In [None]:
# Data Clean up

In [1]:
import pandas as pd
from sklearn.preprocessing import StandardScaler

# Load dataset
df = pd.read_csv("../data/raw/telco_churn.csv")

# Step 1: Drop Non-Predictive Columns

In [2]:
df.drop(columns=['customerID'], inplace=True)

# Step 2: Clean 'TotalCharges' values

In [3]:
df['TotalCharges'] = pd.to_numeric(df['TotalCharges'], errors='coerce')
missing_count = df['TotalCharges'].isnull().sum()
print(f"Missing values in TotalCharges: {missing_count}")
df.dropna(subset=['TotalCharges'], inplace=True)
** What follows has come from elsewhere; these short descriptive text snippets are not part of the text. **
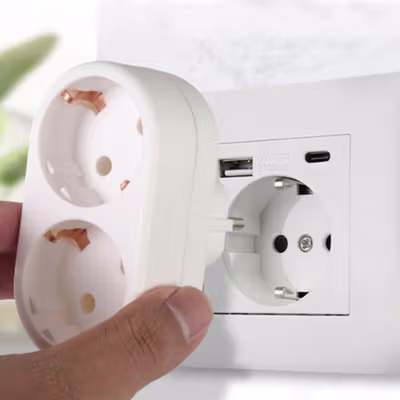 DLV Steker Listrik 2 Socket EU Plug Grounding Extension 16A 250V 3500W - B2-1G - White — gambar 3
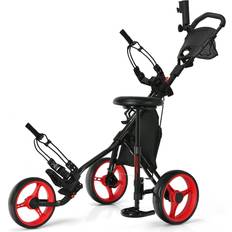 Golf Trolleys on sale Goplus Folding 3 Wheels Push Cart W/Seat Scoreboard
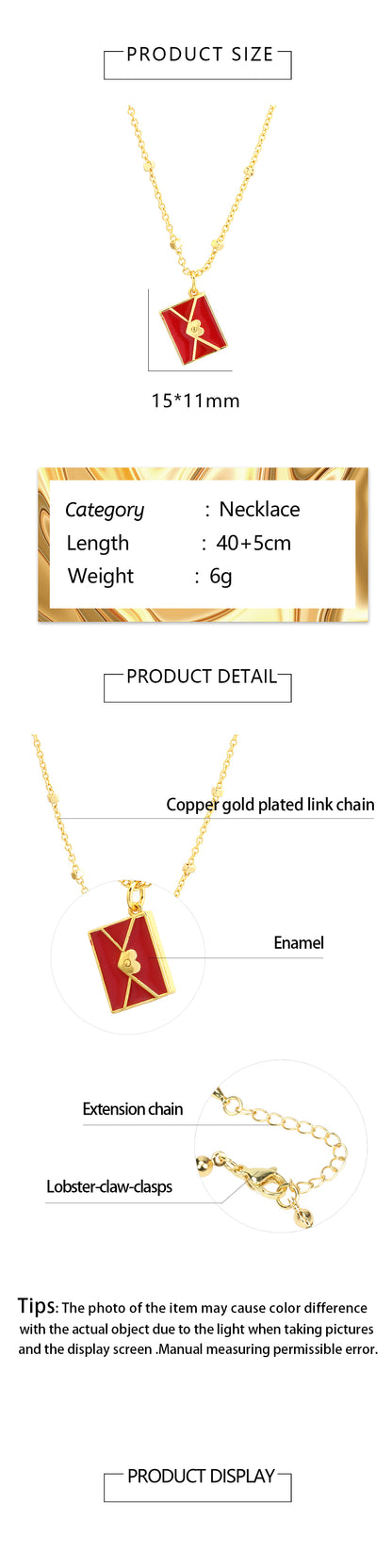 Simple Style Commute Envelope Copper 18k Gold Plated Pendant Necklace In Bulk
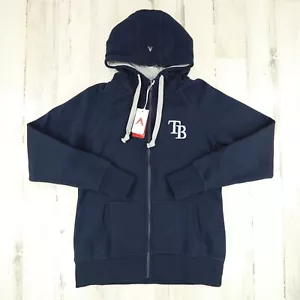 Tampa Bay Rays Jacket Women's Medium Antigua Victory Blue Full Zip Fleece NEW - Picture 1 of 16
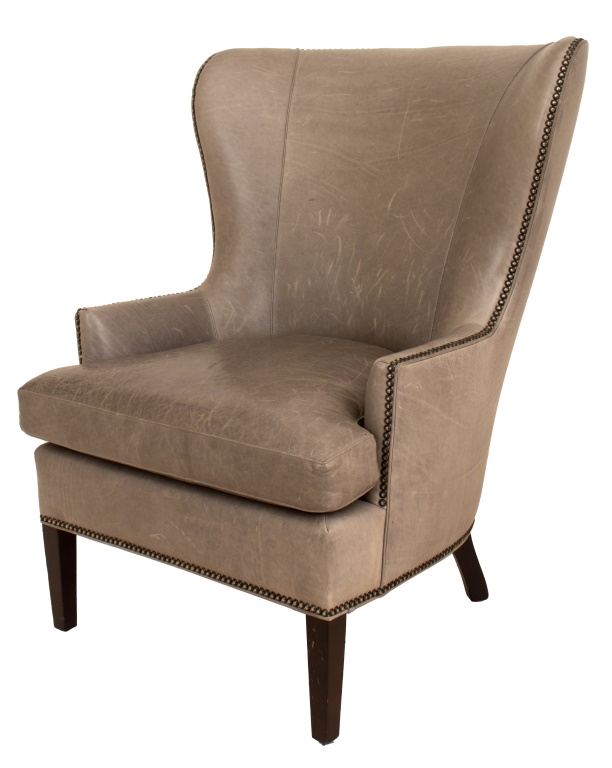 MODERN GREY LEATHER UPHOLSTERED 2fb6e5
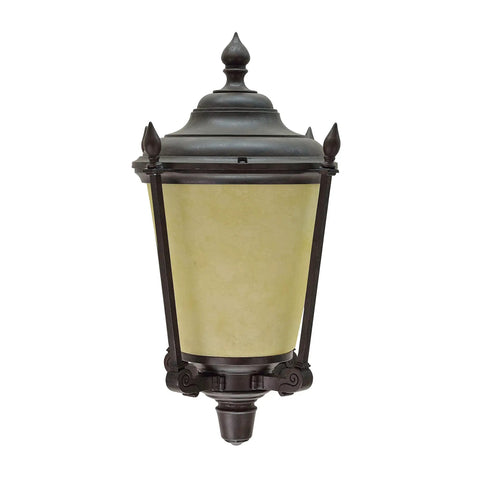 Outdoor Wall Light Lantern In Aged Bronze With Amber Glass 1 Light Fixture E26 Socket 60W Max UL Listed For Outdoor Use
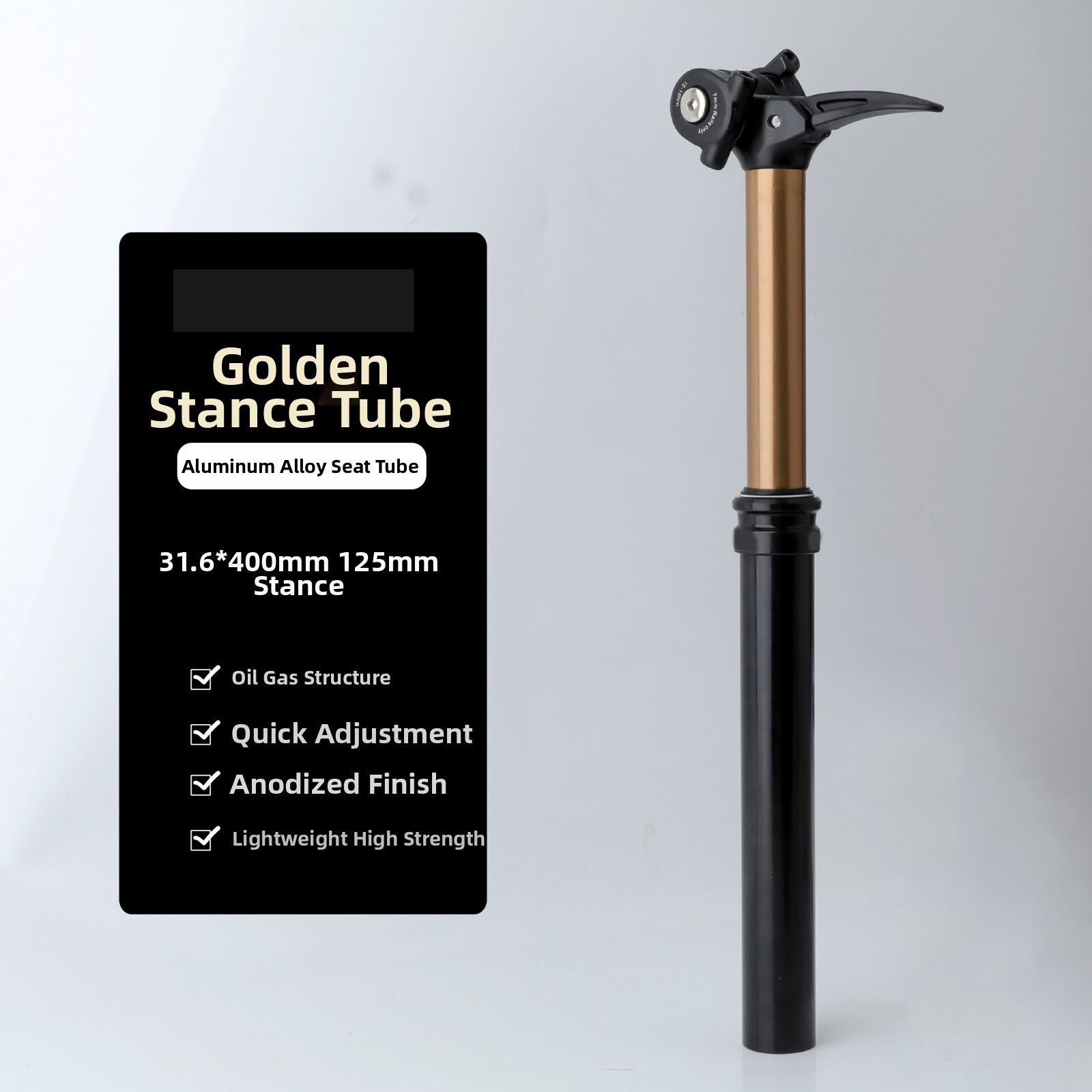 Dropper Post for MTB Hydraulic Control Oil Gas Locking 27.2/30.9/31.6mm Gold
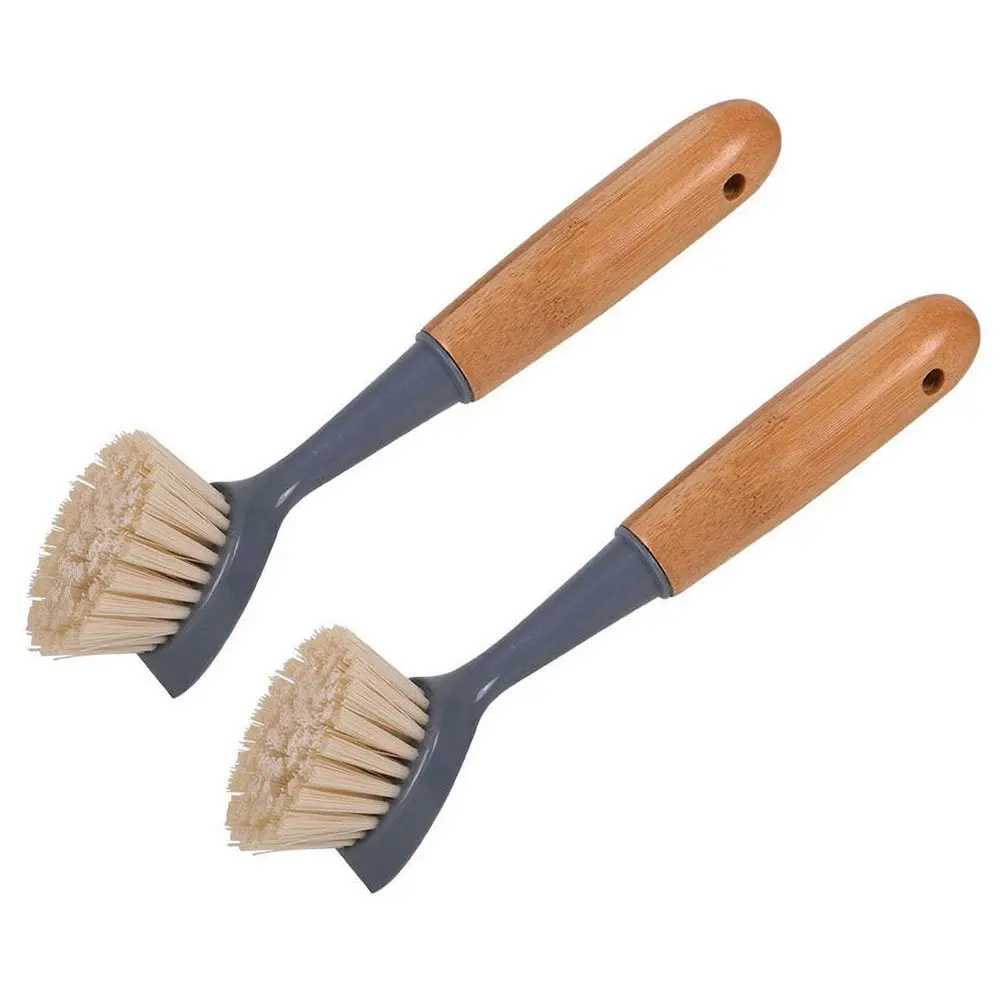 2x Eco Basics Bamboo Dish Brush Non-Scratch Bristle/Long Handle Kitchen Scrubber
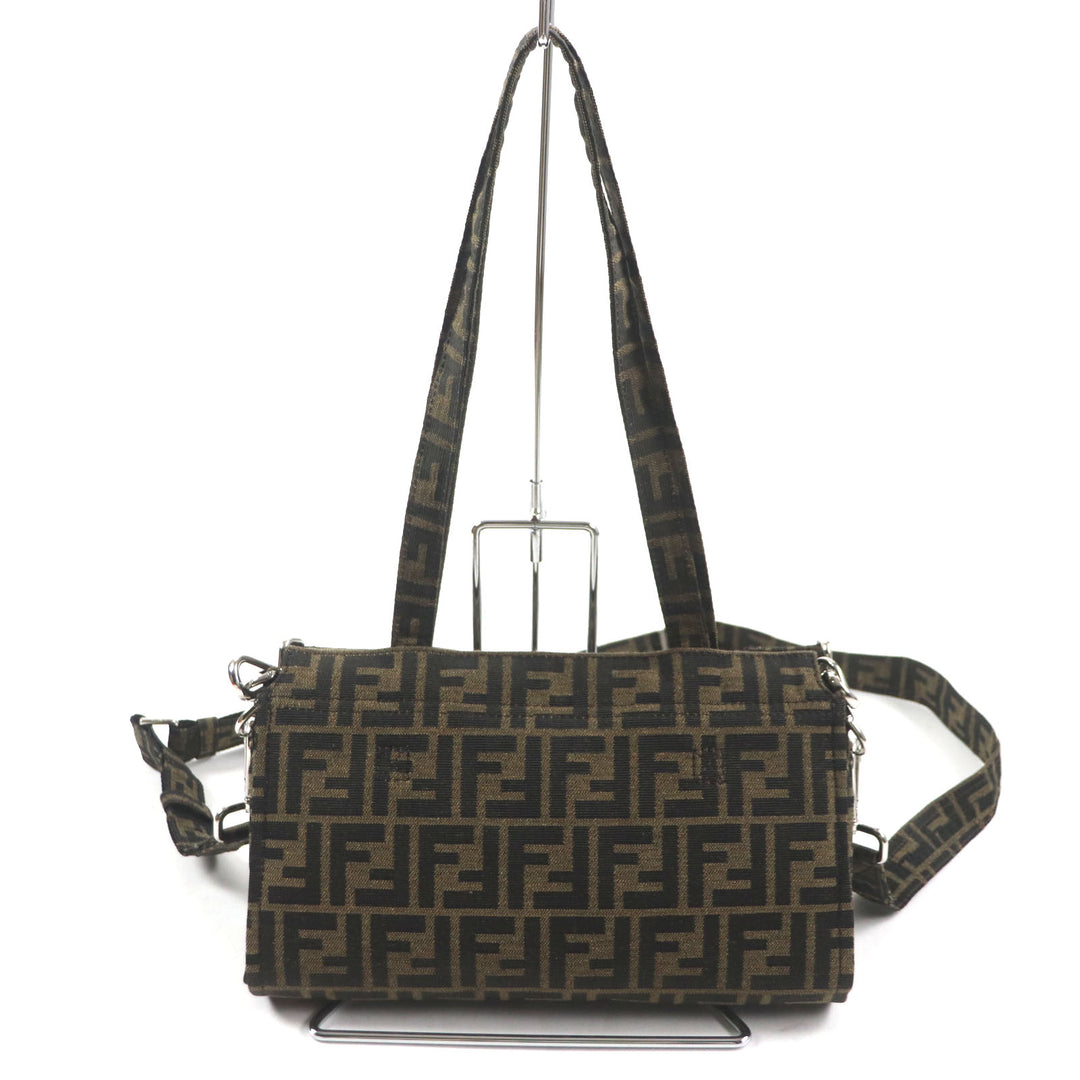 極美品▼FENDI×FRAGMENT フェンディ×フラグメント 8BH418 ズッカ バゲット フォールダブル 3WAY トート ショルダーバッグ 袋付き メンズ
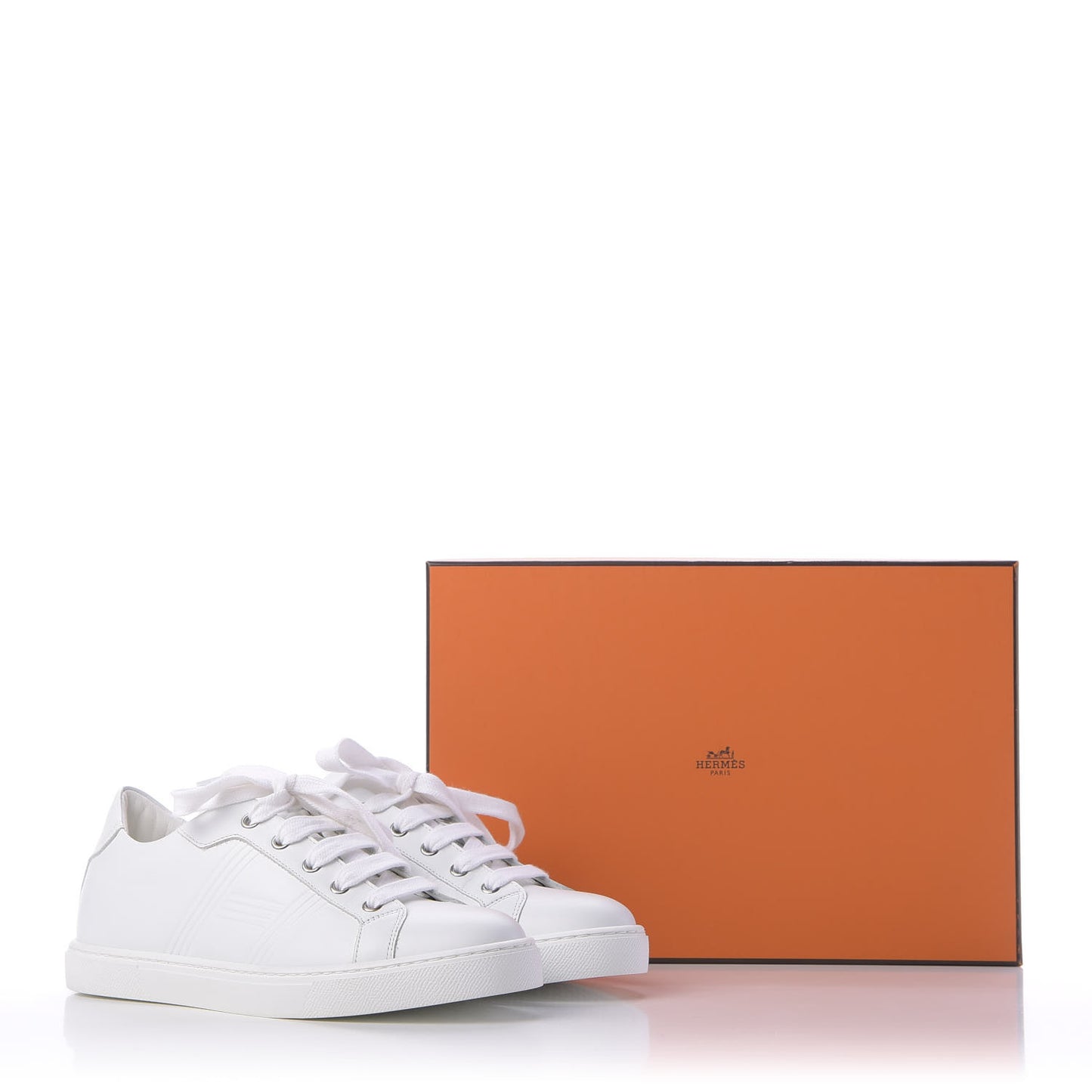 Calfskin Womens Avantage Sneakers 37.5 White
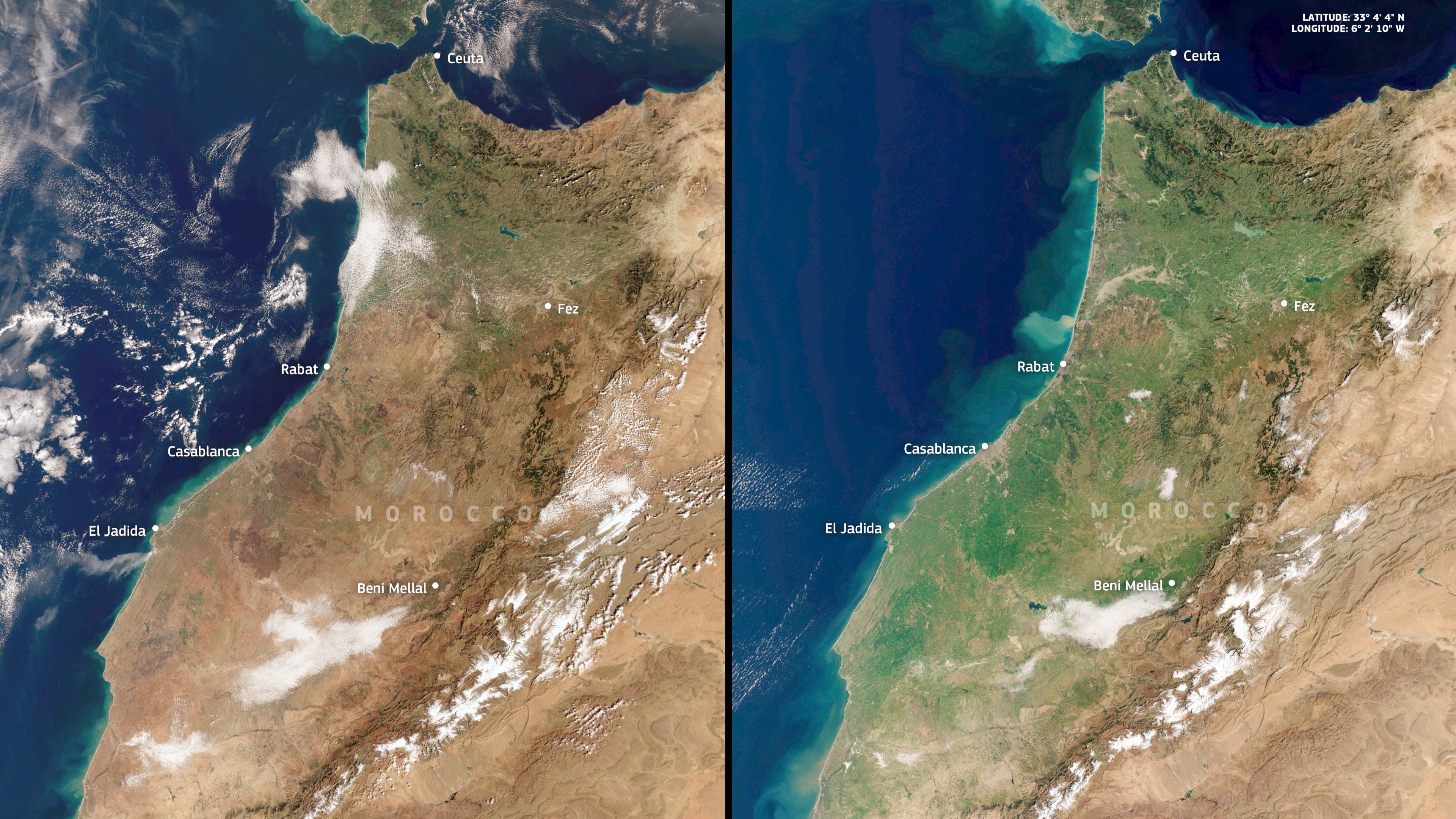 Special: Wissenschaft - Satellitenbilder lassen keinen Raum für Zweifel: In Marokko hat es so viel geregnet, dass es dort seit einem Jahrzehnt nicht mehr so grün aussah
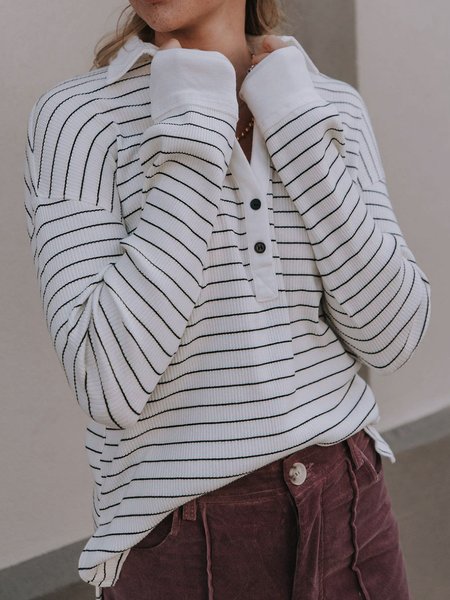 

Loosen Striped Casual Shirts & Tops, White, Tops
Missing values in TotalCharges: 11


# Step 3: Encode Target Variable (Churn)

In [4]:
df['Churn'] = df['Churn'].map({'Yes': 1, 'No': 0})

# Step 4: One-Hot Encode Categorical Features

In [6]:
categorical_cols = df.select_dtypes(include='object').columns.tolist()
df = pd.get_dummies(df, columns=categorical_cols, drop_first=True)

# Step 5: Scale Numerical Features

In [7]:
scaler = StandardScaler()
numerical_cols = ['tenure', 'MonthlyCharges', 'TotalCharges']
df[numerical_cols] = scaler.fit_transform(df[numerical_cols])

# Step 6: Save Cleaned Data

In [8]:
df.to_csv("../data/processed/clean_telco.csv", index=False)
print("Saved cleaned dataset to ../data/processed/clean_telco.csv")

Saved cleaned dataset to ../data/processed/clean_telco.csv